I began to notice that cartoon characters often express extreme emotion with no apparent restraint. They are of course comic rather than tragic, but it seemed to me that tragic emotions could also be expressed as caricatures. The question was, how?  Most humans are not purely evil or purely good, but are a hybrid of the two. By what means could the complexity of human beings be conveyed apart from the classic or comic forms?
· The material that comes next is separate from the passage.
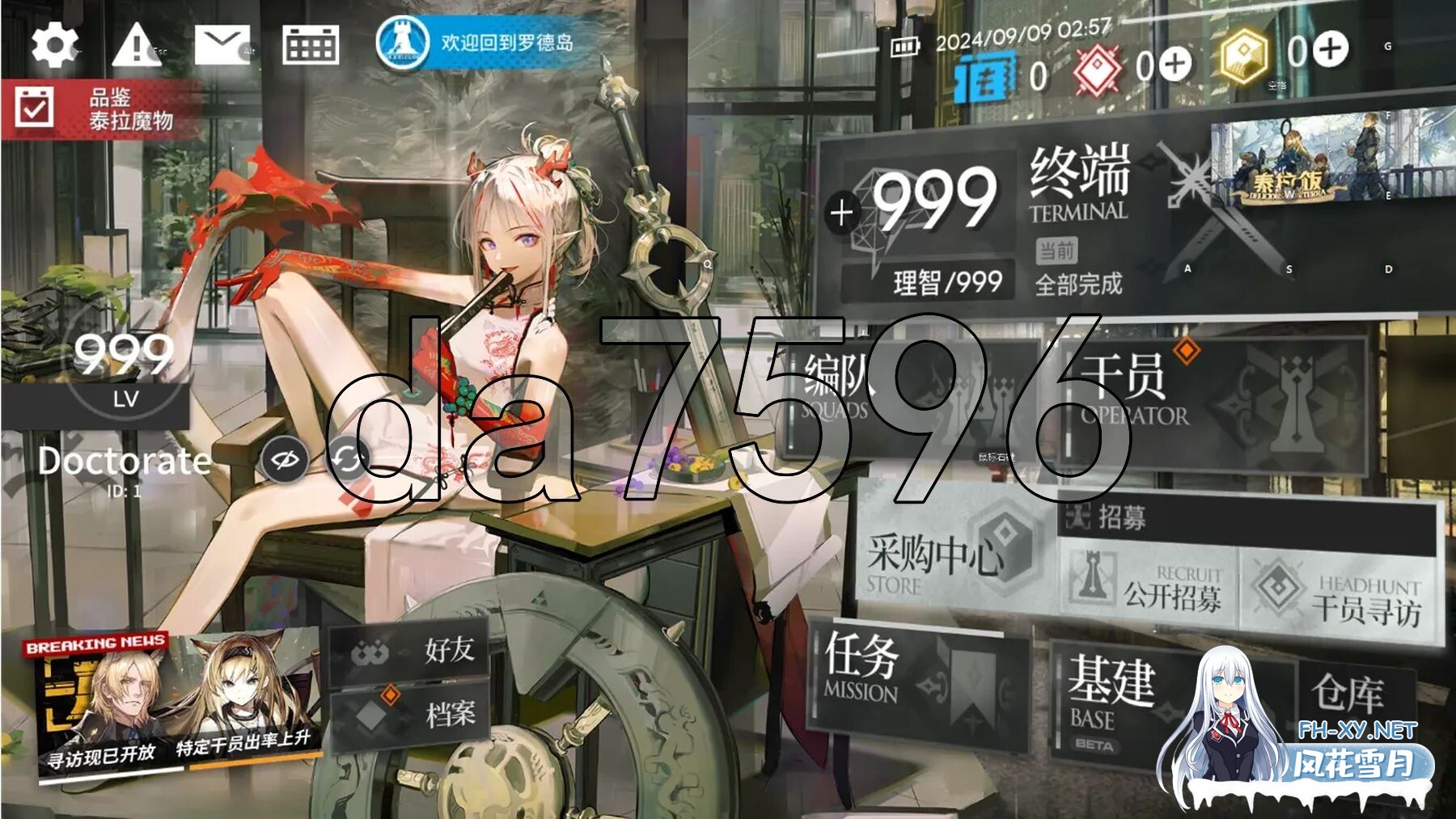 [国产SLG/破解版] 明日方舟 PC模拟版 Ver2.3.6.1 + 安卓直装版 Ver1.9.71 PC+安卓 官中版 单机离线破解版 [11.10G/百度]-2.jpg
In the course of my work I have long used images of trees to symbolize specific people in my life. These proxies are often the main characters of the hidden narratives in my paintings. It occurred to me that I could make these trees more human-like in form, and have them doing human things, like walking, drinking, dancing, smoking. It’s not really such a stretch; in many of the Greek and Roman myths recorded in Ovid’s “Metamorphosis,” the gods turned humans into trees. A walk through a preserve or farm in the presence of trees that have themselves marched through time – some strong and tall, some twisted, some fallen – reveal to some of us a near-perfect metaphor for human experience.

 

“After Gericault” (Fig. 3) was inspired by Theodore Gericault’s 1819 masterpiece, “The Raft of the Medusa.” Gericault was one of the first artists to utilize a radical new approach to subject matter that defined the Romantic Movement.  His thirty foot painting is as dark and wild a picture of human misery as has ever been painted. Depicting the shipwreck of the Medusa and the botched rescue attempt by the French government, Gericault’s painting symbolizes the abject failures of a dysfunctional monarchy.  His subjects are wretched commoners, dressed in rags, lying amidst their dead and dying comrades. Facing an unrelenting sea of troubles and an uncertain future, these survivors are living a nightmare.


 

My dead trees present a blue collar version of Gericault’s noble commoners locked in our great humanitarian struggle. They are low brow romantics, the ninety-nine percent, the disenfranchised, the disillusioned, the naked, the old, the sick, the cold, the weak, the weary, the artists, the ones history passed by.

 

In developing the imagery for this painting I recalled memory files of many well known works of art.  Taking a page from Van Gogh’s drawings, I utilized simple black and brown broken lines to demarcate the main forms; from Glackens, I gleaned the gray, gray water; from Caravaggio, the stark contrast of black and white.  Inspired by the many political cartoons I have perused, my characters, stripped of all their treemanity, are left afloat entangled with their dead on a raft constructed of their saw-milled brethren, living the nightmare one and all. Through this synthesis of imagery borrowed from diverse sources I intend to awaken in my viewers that familiar feeling that things are not all right in our contemporary world.

 

As mysterious as the creative process seems, there is nothing original to be found in my work.  Every single detail, as far as I can tell, comes from my memory banks.  What we do as individual artists is select, edit, and synthesize those files into a coherent and meaningful statement.  As much as I’d like to believe otherwise, I believe I am just a product of the larger society.